*Exercise instructions*
Repeat the records below exactly from the line containing "Kids Ultrasonic Electric" to the line containing "Pale-Skinned Beauty in", taking in both of those lines. Drop the pictures.

*Record excerpts*
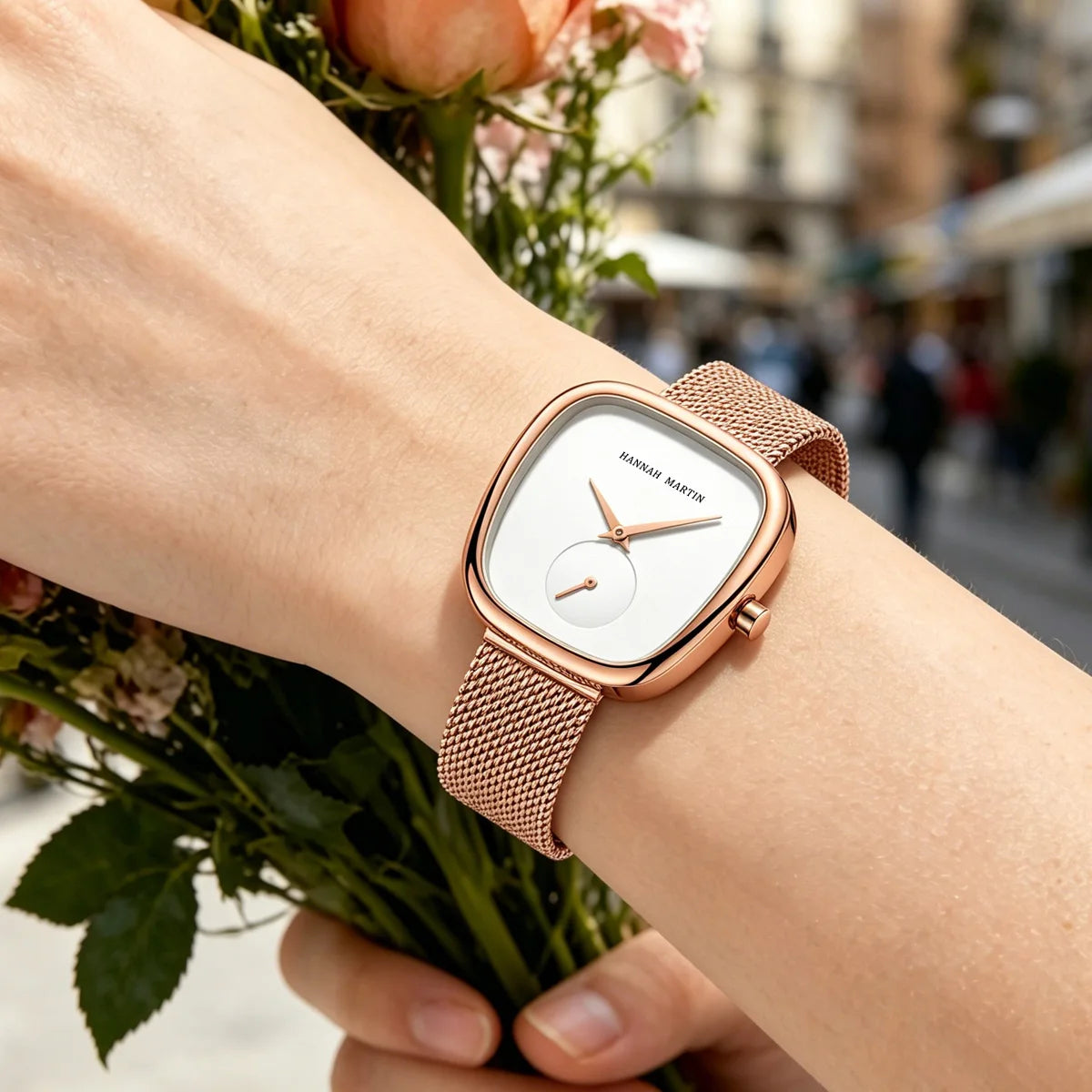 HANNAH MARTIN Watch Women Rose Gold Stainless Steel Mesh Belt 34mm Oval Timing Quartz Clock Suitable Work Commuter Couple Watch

...

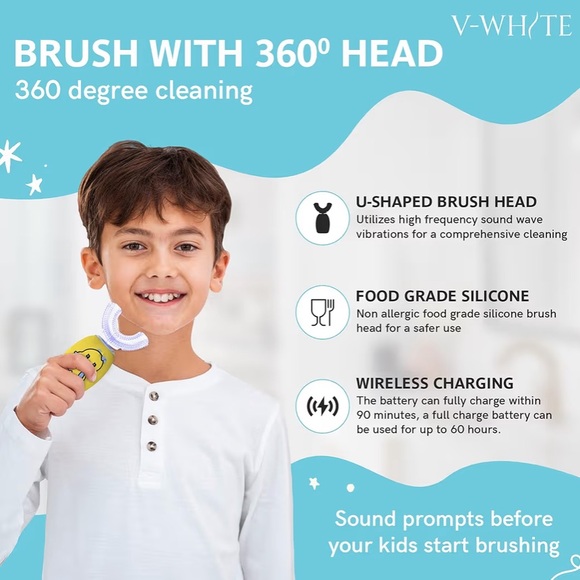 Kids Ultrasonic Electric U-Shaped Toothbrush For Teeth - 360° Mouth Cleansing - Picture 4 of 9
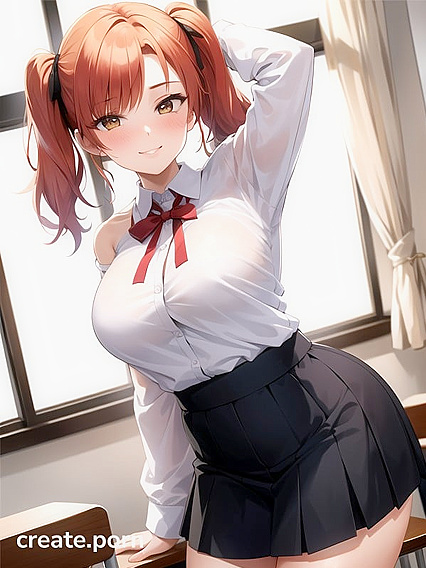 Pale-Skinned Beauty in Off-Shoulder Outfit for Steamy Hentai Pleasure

...

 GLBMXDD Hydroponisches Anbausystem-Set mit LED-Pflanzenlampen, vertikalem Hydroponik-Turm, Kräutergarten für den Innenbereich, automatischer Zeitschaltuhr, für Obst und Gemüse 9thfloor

*Result for this exercise*
 Kids Ultrasonic Electric U-Shaped Toothbrush For Teeth - 360° Mouth Cleansing - Picture 4 of 9
 Pale-Skinned Beauty in Off-Shoulder Outfit for Steamy Hentai Pleasure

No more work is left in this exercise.